Share

BAB 4

last update Last Updated: 2023-10-31 12:38:30

Arman berkali-kali menghembuskan napasnya dengan kasar. Terlihat sekali kalau dia sedang berusaha menahan amarahnya. Berusaha agar kepalan tangannya tak mendarat di wajah pemuda yang baru saja mengaku menghamili putri kesayangannya. Putri kebanggaan satu-satunya.

Sementara di sebelahnya, Amira sang istri sudah menangis sejak tadi.

“Apa yang kurang dari kami, Silia? Kenapa kau melakukan ini pada kami? Kenapa kau tega mengecewakan kami?” tangis Amira. Ia tak menyangka putrinya yang selama ini pendiam dan tak pernah keluyuran, tahu-tahu hamil. Di saat kuliahnya masih belum selesai.

Arman hanya bisa menggertakkan gigi. Di depannya, Silia dan Roby terlihat menunduk dengan takut.

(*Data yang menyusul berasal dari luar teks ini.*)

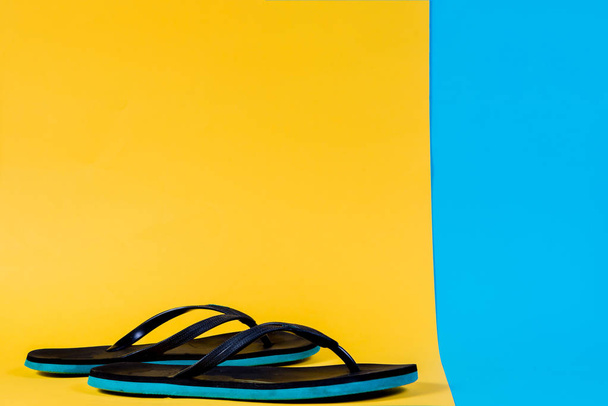 黒と緑フリップフ ロップ、夏セット。夏、来る概念です。シンプルなスタイル、シンプルな写真。黄色、ピンクとブルーのパステル カラーの背景. - 写真・画像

“Kapan kalian melakukannya? Dan berapa kali?” tanya Arman dengan nada suara berat.

“Cuma sekali Om. Saat Silia keluar mentraktir teman-teman di hari ulang tahunnya,” jawab Roby, sesuai dengan arahan Silia. Semua sudah mereka siapkan. Jawaban dari pertanyaan yang mungkin akan muncul saat mereka mulai bersandiwara di depan orang tua Silia.

Tanpa mereka ketahui, dua pasang mata mengintip di balik pintu dapur.

“Tuh kan bener. Berarti yang kata Yesika malam itu Mbak Sil jalan sama cowoknya, yang ini orangnya,” kata Munawar, sopir di rumah Silia.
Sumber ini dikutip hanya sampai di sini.